4 Barriers To Mobile Learning Adoption

4 Barriers To Mobile Learning Adoption
Summary: Mobile devices are ubiquitous, which makes mobile learning (mLearning) the hottest trend in corporate eLearning efforts. If this is the case, why have most companies done little more than run pilot programs around mLearning? Here are 4 barriers to mobile learning adoption and how organizations can overcome them.

Running The mLearning Obstacle Course: Barriers To Mobile Learning Adoption

The promise of mobile learning is held hostage by an array of hurdles, which can make eLearning professionals feel like they’re running the latest American Ninja Warrior obstacle course in their attempts to leverage mLearning into corporate success. Here are the 4 main barriers to mobile learning adoption that seem to get in the way the most:

1. Budgetary Constraints

There are still many c-suite leaders who haven’t fully embraced eLearning as anything other than a perceived drain on scarce resources. Needless to say, trying to shoehorn mobile learning into the mix feels financially irresponsible to these skeptics. Part of the fault here lies squarely with learning departments, which need to do a better job of making the business case for both eLearning and mLearning, and back it up with real return on investment data that not only makes the case but makes it a slam-dunk.

2. Missing Out On Millennials

Millennials now make up the largest percentage of the workforce, and they actually want training more than any other company perk, including bonuses, flex hours, or company cars according to KPCB’s 2015 Internet Trends Report. They are super-connected all the time through their mobile devices, which means there’s a unique opportunity to give them what they want and how they want it. Leadership that doesn’t understand the unique needs of Millennials might not understand the urgency of this opportunity in matching up mLearning to Millennials in the corporate landscape. A significant aspect of this is gamifying mobile learning – something else company leadership may not understand is highly relevant to and effective with Millennials.

3. Failure To Recognize Increasing Mobility 

Globe-trotting work assignments are on the rise, expected to increase by as much as 50% by 2020, which follows on the heels of a 25% increase over the past ten years. Effectively handling an assignment abroad requires a good deal of fast training to get someone up-to-speed on the context they are about to be dropped into, and there’s often not the luxury of doing it much in advance, making mLearning the natural solution.

When you layer on top of this trend the continuing rise of remote and flex-time working, which has more and more work being done outside the company’s real estate, it all adds up to a hugely mobile workforce. Being behind the curve on mobile learning will increasingly become a significant liability. It is a good thing that most modern Learning Management Systems are evolving to accommodate a generation of mobile workforce always on the go and seeking bite-size content designed for easy consumption.

4. Robust And Secure mLearning Apps

While the apps improve rapidly from year to year, there are still nagging areas that need attention. The very nature of mobility represents significant security vulnerabilities and conundrums that have yet to be adequately addressed. The biggest being the tension between getting content into the hands of employees with as few hindrances as possible (i.e. opening up the network to personal devices), versus maintaining control over company resources.

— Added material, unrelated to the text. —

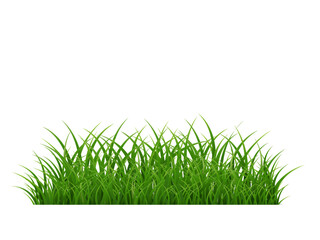 Fototapeta premium Green Grass Isolated White Background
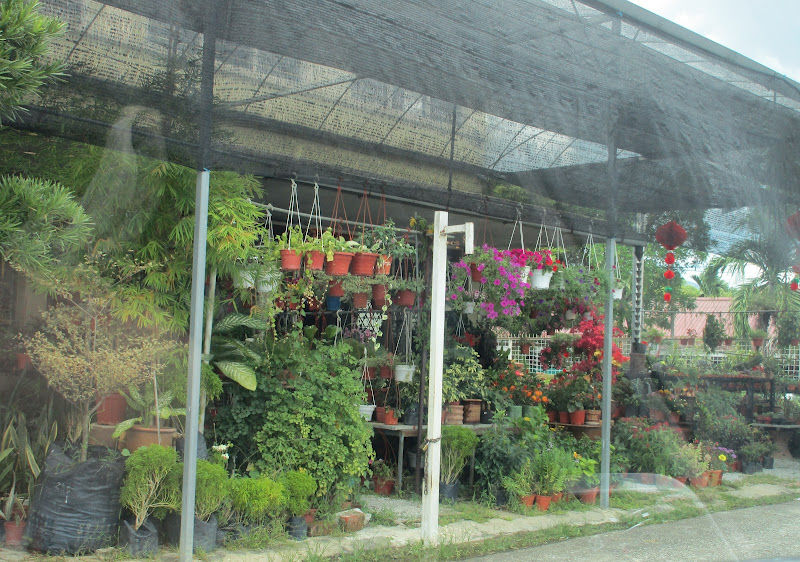 NCS Craft Garden Landscape gallery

There are also still many challenges faced when attempting to integrate mLearning with legacy Learning Management Systems. And most companies trying to dive deep into mobile learning have yet to figure out how to establish the kind of metrics that are necessary to both facilitate and assess mLearning both for the learners and the company.

Final Thoughts

Mobile learning is like a bright shiny object that has grabbed the increasingly mobile attention of the brave new digital world of the 21st century, but when you try to grab hold of it, it seems to be ever so slightly out of reach. Experimenting with mLearning is one thing, but fully leveraging it into business success is turning out to be another thing entirely, thanks to the internal and external barriers encountered as companies attempt to run the mobile learning obstacle course.

These barriers to mobile learning adoption go a long way towards explaining why the adoption of mLearning seems so lackluster in the corporate learning and training landscape. None of the barriers are deal-breakers per se, but several of them are just serious enough that when combined with skeptical leadership can keep the mobile learning undertaking trapped in the experimental phase. It will take both time and effort to overcome the barriers, but it will also be well worth the effort.